O ano não começou da melhor forma, isso é certo. Os últimos dias foram profícuos em notícias e nem sempre as novidades foram aquelas que gostaríamos de conhecer. Cinjamo-nos apenas a dois casos que fizeram, e continuam a fazer, as parangonas de qualquer órgão de comunicação que se preze.
Com os acontecimentos que abalaram a França, eterno paladino dos direitos fundamentais herdados da Revolução Francesa, temos matéria mais do que suficiente para refletir. Mais, parece-me mesmo que temos a obrigação de neles refletir. Num mundo cada vez mais exíguo quando se fala da relação distância/tempo, aquele terrorismo está bem aqui ao dobrar da esquina. Talvez por isso, por quase serem nossos vizinhos do lado, estes acontecimentos tenham assumido um peso que outros não tiveram porque arredados geograficamente do mundo dito desenvolvido.
Não que estes atentados de um terror que quase desconhecíamos, pelo menos sob este modus operandi, não sejam condenáveis à luz da sociedade do século vinte e um. Não que não partilhemos por inteiro as dores de familiares e amigos que viram os seus partir sem que em nada tenham contribuído para lhes serem assim, selvaticamente, ceifadas as vidas. Não que não condenemos veementemente este fanatismo religioso, desta ou de qualquer outra religião, que não hesita em imolar-se imolando outros.

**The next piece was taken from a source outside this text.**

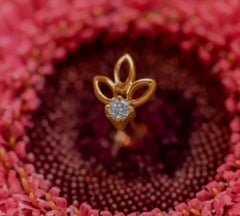 Diamond Nose Pin 14k Yellow Gold Piercing Jewelry Canary Diamond Nose Pin Screw.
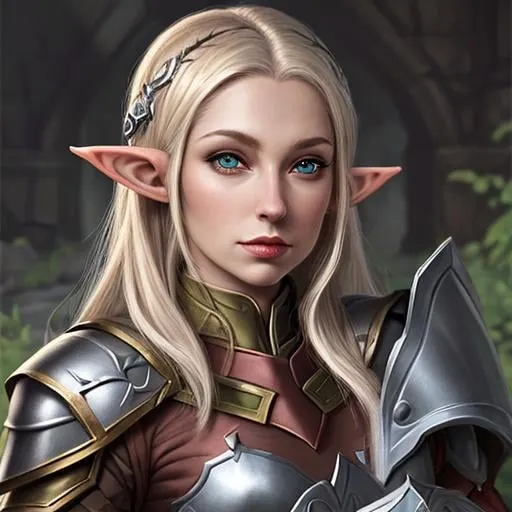 Prompt: Female Elf, Iron Armor, DnD Portrait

Não que não nos perguntemos que deus tão demoníaco pode levar os seus fiéis a cometer tais atrocidades.
Mas, não nos devemos também perguntar onde estão, ou estavam, os altos responsáveis políticos do mundo que a si mesmo se outorga o adjetivo de civilizado quando na Síria são abatidos civis aos milhares? Quando em África se continuam a massacrar inocentes aos magotes? Quando a questão palestina dura há décadas sem que se entreveja uma solução? Quando populações inteiras são riscadas do mapa da vida só para que os senhores da guerra continuem a poder sobreviver? Quando as mulheres continuam a ser mutiladas e mortas à luz de tradições bárbaras?
Uma segunda questão prende-se com o mortório em que o Mar Mediterrâneo se vem convertendo enchendo os bolsos a uns poucos, não menos terroristas que os outros, que exploram até ao tutano a miséria humana de quem já nada, a não ser a vida, tem a perder. Nas praias de Lampedusa ou nas ondas do mar, os cadáveres são às centenas, milhares. E a Europa, e todo o nosso mundo civilizado, continuam a não querer ver a verdadeira dimensão desta tragédia. Que medidas verdadeiramente estruturais, foram tomadas até agora para poder, se não sanar pelo menos apaziguar, o problema? Que poderemos esperar, se não houver uma intervenção de fundo, de pessoas que de seu têm o desespero como companheiro?
E depois, acontecimentos como estes vêm desenterrar velhos fantasmas que julgávamos para sempre enterrados e bem enterrados. Olhe-se para o ressurgimento em grande escala dos movimentos que fazem da xenofobia um cavalo de batalha. Veja-se o crescimento de grupos e grupúsculos radicais em diversos países europeus. Estaremos nós, europeus, preparados para um regresso a um passado não muito longínquo em que o fanatismo político, racial, religioso também, teve consequências catastróficas a nível europeu e mundial?
Que se saiba fanatismo não se combate com fanatismo. Por muito que muitos pareçam acreditar que sim. Ou queiram fazer acreditar a alguns que sim.